Benefits of an After-Dinner Walk

If you’ve been looking for places in your schedule to squeeze in a few minutes of exercise, there’s more than one good reason to pencil in a walk after dinner. Taking a stroll after any or all meals benefits physical and mental health as well as improving your fitness. Instead of vegging out in front of the TV or settling in front of the computer to dive into emails or update your social media accounts, hit the bricks. Make it a long-term habit, and you’ll be surprised at how good you look and feel.

Post-Meal Walks Help Digestion

A walk after eating gets things moving through your system so digestion is more effective–plus, you won’t feel like noshing later.

Walking after meals will help your system process the food you just took in. That’s an ultra-useful benefit, even if you don’t typically suffer from heartburn and indigestion. The sooner you get moving after eating, the better, but if you start walking at least within an hour, you’ll still see all sorts of positive changes. For example, if you over-ate, walking kick-starts the digestive process to get things moving and alleviate that overstuffed feeling. Interestingly enough, even though post-meal moderate exercise such as walking speeds up digestion, it also has the effect of improving satiety. That means you are less likely to crave a bedtime snack or an extra helping of dessert later on. In fact, if you can manage enough self-control to put dessert off until after the walk, you might find it easier to pass on that slice of cake or a bowl of ice cream altogether.

Walking Off Excess Weight

After-dinner strolls can help reduce belly fat and trim your middle.

Any kind of physical activity shifts your metabolism into a higher gear, so you’ll burn more calories.

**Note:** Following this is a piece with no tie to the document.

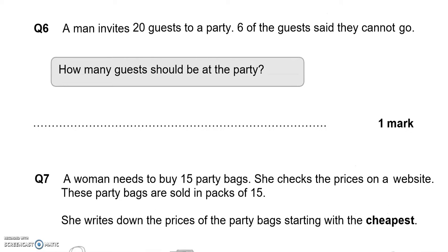A man invites 20 guests to a party. 6 of the guests said they could not go. How many guests should be at the party? So 20 take away 6 — what is left? It is 14.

Naturally, an after dinner walk can count toward the weekly 150 minutes of aerobic activity that’s recommended for adults. However, if you’ve been battling belly bulge, walking after eating can help you win the war of the waist. Healthline reports on a study which showed that obese women who spent their 150 – 210 minutes per week walking reduced their waist circumference and lost 1.5 percent body fat after only 12 weeks. That may not sound like much, but the longer they stuck with the program, the more they lost—and the results were long-term for those who made walking a permanent part of their regimen.

Health Improvements

Timing moderate exercise for post-eating helps bring down cholesterol levels and blood sugar, too.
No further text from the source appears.